INSTRUCTIONS FOR THE TASK » Starting at the line with "Ein gedeckter Kaffeetisch" and going on through the line with "2001 Toyota Camry", reproduce each line in the records below exactly and nothing more.

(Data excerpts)

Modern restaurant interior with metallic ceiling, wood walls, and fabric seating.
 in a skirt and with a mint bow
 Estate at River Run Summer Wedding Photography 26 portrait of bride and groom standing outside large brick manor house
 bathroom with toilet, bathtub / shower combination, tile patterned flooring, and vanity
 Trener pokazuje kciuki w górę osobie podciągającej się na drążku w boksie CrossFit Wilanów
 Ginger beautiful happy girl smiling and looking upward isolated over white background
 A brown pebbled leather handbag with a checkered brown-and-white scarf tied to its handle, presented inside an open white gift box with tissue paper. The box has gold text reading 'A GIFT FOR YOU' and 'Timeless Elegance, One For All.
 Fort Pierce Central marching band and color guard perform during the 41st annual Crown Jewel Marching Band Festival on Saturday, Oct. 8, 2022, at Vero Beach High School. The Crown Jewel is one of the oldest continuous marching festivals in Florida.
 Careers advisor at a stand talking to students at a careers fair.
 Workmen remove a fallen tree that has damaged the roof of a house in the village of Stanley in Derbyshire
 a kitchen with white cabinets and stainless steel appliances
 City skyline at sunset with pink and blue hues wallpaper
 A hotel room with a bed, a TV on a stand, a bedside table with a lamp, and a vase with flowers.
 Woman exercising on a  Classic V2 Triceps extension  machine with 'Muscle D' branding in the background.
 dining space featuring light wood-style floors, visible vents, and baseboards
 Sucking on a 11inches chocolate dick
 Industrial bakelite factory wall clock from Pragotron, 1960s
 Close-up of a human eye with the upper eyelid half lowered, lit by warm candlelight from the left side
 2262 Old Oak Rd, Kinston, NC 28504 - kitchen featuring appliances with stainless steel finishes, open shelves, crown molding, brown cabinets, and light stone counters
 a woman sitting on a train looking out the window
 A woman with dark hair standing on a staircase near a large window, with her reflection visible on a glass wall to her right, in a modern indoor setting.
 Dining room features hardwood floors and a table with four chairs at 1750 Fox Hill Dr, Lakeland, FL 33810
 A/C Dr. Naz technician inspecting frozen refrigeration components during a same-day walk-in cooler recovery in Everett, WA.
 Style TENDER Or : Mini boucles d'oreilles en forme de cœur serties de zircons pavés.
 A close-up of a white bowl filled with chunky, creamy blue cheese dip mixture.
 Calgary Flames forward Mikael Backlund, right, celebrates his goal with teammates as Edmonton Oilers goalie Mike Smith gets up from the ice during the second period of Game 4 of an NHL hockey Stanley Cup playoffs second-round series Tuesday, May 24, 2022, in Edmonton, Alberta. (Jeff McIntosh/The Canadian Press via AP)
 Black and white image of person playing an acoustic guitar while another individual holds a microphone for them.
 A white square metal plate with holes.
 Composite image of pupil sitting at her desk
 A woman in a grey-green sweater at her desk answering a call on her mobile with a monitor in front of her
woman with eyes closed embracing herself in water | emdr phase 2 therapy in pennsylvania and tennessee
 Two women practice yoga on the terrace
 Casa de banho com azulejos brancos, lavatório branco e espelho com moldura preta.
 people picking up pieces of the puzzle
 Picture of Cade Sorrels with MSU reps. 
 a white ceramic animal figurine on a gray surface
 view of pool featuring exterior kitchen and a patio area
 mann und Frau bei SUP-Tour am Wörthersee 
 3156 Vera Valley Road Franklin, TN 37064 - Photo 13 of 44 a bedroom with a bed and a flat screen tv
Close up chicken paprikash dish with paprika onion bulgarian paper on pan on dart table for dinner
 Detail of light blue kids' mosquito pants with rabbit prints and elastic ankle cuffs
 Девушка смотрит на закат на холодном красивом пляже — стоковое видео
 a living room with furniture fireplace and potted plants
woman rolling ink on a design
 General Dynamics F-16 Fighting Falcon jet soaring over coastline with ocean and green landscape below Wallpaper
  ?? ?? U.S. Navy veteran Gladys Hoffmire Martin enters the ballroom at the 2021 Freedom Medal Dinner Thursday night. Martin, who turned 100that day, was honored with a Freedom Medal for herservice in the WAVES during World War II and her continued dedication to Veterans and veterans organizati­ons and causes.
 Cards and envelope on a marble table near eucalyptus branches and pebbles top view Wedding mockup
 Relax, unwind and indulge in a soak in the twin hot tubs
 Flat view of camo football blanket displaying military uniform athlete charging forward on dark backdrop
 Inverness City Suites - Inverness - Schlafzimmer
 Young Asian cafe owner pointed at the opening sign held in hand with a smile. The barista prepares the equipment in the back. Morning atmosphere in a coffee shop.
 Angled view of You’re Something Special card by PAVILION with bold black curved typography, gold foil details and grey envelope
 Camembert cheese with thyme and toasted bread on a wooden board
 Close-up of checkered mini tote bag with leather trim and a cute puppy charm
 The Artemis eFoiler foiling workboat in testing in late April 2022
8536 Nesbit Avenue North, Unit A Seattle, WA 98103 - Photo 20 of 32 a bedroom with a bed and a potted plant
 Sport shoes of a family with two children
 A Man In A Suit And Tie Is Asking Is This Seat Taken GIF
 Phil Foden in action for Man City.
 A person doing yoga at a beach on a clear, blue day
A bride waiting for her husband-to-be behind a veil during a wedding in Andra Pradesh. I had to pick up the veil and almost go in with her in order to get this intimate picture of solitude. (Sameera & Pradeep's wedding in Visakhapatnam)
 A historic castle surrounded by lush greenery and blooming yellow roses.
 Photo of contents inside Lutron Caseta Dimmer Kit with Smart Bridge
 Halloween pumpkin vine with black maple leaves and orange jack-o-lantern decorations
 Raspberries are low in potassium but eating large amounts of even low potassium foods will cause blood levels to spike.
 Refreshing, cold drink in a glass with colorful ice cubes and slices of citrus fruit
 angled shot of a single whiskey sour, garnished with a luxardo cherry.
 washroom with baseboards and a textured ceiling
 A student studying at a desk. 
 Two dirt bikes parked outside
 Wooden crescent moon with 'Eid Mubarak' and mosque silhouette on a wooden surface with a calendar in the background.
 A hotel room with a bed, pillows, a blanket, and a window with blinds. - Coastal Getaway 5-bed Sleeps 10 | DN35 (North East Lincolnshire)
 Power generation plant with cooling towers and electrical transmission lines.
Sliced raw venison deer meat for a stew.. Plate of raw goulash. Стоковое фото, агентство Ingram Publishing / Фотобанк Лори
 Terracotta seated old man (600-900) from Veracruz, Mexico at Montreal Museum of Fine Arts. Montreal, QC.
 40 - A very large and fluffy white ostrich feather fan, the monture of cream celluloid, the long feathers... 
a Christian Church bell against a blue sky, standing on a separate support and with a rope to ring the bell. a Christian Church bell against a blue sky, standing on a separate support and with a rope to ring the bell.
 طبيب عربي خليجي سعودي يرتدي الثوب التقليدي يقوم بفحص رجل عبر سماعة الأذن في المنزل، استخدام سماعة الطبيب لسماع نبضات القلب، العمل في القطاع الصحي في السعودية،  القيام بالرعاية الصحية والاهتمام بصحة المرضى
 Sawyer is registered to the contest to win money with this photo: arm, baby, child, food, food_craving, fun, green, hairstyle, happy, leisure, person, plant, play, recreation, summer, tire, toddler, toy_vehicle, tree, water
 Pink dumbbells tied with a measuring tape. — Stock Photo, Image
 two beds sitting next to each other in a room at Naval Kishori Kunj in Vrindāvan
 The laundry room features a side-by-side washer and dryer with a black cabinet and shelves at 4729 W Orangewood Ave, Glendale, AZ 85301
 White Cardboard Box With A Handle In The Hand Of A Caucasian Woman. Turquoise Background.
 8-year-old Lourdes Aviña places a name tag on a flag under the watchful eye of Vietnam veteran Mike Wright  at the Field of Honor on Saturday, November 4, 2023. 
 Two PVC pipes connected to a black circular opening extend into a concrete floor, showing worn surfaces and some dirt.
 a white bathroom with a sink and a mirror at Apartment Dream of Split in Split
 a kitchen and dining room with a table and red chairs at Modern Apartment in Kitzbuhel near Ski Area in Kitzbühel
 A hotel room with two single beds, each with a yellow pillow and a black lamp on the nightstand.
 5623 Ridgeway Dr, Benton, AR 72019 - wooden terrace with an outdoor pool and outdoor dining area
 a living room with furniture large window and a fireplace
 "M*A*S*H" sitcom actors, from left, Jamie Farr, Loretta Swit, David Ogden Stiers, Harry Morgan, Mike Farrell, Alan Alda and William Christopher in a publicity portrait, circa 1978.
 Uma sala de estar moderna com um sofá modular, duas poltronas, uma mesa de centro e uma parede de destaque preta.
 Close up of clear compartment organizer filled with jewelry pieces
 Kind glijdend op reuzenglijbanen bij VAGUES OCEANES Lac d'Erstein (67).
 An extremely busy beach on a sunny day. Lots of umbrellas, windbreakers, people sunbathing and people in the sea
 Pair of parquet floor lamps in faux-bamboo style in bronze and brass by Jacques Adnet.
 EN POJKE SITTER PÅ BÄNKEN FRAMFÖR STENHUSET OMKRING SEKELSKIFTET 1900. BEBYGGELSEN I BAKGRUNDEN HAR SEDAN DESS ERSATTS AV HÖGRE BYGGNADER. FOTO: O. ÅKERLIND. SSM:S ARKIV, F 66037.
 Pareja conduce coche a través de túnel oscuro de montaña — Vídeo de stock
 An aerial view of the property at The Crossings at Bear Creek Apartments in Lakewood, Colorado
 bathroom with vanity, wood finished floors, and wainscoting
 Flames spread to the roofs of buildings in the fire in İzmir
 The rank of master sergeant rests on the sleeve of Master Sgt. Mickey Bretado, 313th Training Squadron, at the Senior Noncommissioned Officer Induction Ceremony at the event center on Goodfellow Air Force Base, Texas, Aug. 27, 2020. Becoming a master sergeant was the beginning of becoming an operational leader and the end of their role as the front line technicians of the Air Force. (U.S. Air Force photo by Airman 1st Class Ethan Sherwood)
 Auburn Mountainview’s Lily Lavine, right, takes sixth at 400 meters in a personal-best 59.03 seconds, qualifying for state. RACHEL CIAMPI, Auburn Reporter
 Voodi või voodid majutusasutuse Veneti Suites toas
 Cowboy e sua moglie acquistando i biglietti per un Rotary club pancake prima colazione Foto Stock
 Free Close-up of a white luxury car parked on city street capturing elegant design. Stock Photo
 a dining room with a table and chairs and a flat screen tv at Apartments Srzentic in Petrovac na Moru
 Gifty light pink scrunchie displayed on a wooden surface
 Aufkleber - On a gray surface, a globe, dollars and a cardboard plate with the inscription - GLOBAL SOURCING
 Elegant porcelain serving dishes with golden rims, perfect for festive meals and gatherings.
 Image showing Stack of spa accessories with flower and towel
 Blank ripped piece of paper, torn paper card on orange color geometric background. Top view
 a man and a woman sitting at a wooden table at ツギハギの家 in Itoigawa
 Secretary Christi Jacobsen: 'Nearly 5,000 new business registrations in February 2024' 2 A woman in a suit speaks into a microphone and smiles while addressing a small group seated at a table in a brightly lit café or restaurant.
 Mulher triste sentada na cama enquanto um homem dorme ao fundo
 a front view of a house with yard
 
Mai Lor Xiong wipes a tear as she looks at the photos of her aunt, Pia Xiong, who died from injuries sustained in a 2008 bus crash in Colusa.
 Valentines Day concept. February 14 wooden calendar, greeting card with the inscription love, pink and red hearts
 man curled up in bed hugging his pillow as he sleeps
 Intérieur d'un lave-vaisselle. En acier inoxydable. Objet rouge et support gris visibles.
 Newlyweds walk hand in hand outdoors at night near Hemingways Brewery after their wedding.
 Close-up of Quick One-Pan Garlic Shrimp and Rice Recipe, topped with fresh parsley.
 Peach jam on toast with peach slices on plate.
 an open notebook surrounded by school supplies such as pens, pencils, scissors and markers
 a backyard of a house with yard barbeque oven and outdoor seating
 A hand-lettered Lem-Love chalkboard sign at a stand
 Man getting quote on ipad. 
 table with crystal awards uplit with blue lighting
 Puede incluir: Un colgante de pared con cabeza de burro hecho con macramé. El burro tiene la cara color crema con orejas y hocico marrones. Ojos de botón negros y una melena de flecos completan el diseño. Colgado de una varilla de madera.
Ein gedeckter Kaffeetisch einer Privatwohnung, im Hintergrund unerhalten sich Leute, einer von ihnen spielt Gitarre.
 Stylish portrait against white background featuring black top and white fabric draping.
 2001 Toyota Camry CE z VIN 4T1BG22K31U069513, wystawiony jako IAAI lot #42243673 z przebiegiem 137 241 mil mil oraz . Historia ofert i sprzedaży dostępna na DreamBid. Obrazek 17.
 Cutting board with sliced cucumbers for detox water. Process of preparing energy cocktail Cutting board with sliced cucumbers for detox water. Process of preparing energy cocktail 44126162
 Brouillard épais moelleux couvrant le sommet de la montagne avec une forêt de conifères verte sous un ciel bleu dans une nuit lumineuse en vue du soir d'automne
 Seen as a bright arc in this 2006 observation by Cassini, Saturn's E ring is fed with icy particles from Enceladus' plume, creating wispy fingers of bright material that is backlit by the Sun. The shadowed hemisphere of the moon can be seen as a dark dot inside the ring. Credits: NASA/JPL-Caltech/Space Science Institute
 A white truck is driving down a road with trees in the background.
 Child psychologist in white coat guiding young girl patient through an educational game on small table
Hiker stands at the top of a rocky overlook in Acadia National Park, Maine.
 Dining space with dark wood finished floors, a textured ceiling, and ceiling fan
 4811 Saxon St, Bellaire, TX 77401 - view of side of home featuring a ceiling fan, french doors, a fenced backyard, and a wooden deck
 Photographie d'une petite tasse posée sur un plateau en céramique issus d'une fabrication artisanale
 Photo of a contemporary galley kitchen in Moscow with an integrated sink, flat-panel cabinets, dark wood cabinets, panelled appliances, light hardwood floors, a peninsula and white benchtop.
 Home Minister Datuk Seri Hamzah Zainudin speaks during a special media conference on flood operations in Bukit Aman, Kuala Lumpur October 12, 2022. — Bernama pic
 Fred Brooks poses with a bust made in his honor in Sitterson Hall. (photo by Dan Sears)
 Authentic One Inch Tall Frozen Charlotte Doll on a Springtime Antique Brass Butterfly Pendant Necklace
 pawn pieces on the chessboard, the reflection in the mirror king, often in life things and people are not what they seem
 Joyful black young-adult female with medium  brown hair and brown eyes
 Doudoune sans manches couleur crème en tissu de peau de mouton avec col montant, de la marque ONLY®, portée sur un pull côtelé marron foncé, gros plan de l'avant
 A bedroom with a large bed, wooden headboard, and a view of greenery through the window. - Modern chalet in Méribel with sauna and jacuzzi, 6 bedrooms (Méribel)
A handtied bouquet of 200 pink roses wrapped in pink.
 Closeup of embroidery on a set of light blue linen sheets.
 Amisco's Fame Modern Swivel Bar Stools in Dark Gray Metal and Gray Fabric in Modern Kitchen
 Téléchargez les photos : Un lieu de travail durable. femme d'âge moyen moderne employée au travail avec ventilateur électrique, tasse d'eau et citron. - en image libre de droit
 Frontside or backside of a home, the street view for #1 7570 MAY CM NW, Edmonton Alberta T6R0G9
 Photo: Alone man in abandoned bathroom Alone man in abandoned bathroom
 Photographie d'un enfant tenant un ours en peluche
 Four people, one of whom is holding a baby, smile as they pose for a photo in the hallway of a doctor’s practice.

SOLUTION FOR THIS TASK »
Ein gedeckter Kaffeetisch einer Privatwohnung, im Hintergrund unerhalten sich Leute, einer von ihnen spielt Gitarre.
 Stylish portrait against white background featuring black top and white fabric draping.
 2001 Toyota Camry CE z VIN 4T1BG22K31U069513, wystawiony jako IAAI lot #42243673 z przebiegiem 137 241 mil mil oraz . Historia ofert i sprzedaży dostępna na DreamBid. Obrazek 17.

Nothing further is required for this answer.